(TASK GOAL) For the listing below, print exactly the lines from the line with "Harmony Park Apartments" to the line with "Pompe de direction FORD KA 1 Photo n°6", both included, and nothing beyond them.

DATA Start Marker

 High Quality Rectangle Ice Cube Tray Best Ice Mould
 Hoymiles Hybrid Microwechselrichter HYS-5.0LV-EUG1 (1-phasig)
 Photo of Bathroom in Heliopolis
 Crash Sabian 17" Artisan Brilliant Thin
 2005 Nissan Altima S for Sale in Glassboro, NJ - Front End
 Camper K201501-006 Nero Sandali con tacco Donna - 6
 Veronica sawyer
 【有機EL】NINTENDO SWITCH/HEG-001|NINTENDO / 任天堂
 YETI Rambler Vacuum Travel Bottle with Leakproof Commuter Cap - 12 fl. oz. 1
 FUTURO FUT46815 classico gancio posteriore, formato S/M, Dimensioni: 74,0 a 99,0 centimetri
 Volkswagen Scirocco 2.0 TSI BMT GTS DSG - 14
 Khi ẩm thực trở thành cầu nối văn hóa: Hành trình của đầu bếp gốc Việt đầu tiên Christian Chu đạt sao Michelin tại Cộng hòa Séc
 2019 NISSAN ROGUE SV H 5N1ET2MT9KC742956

DATA End Marker
DATA Start Marker

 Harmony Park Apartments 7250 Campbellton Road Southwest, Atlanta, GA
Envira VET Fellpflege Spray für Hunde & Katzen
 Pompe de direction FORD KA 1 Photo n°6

DATA End Marker

(WRITTEN SOLUTION)
 Harmony Park Apartments 7250 Campbellton Road Southwest, Atlanta, GA
Envira VET Fellpflege Spray für Hunde & Katzen
 Pompe de direction FORD KA 1 Photo n°6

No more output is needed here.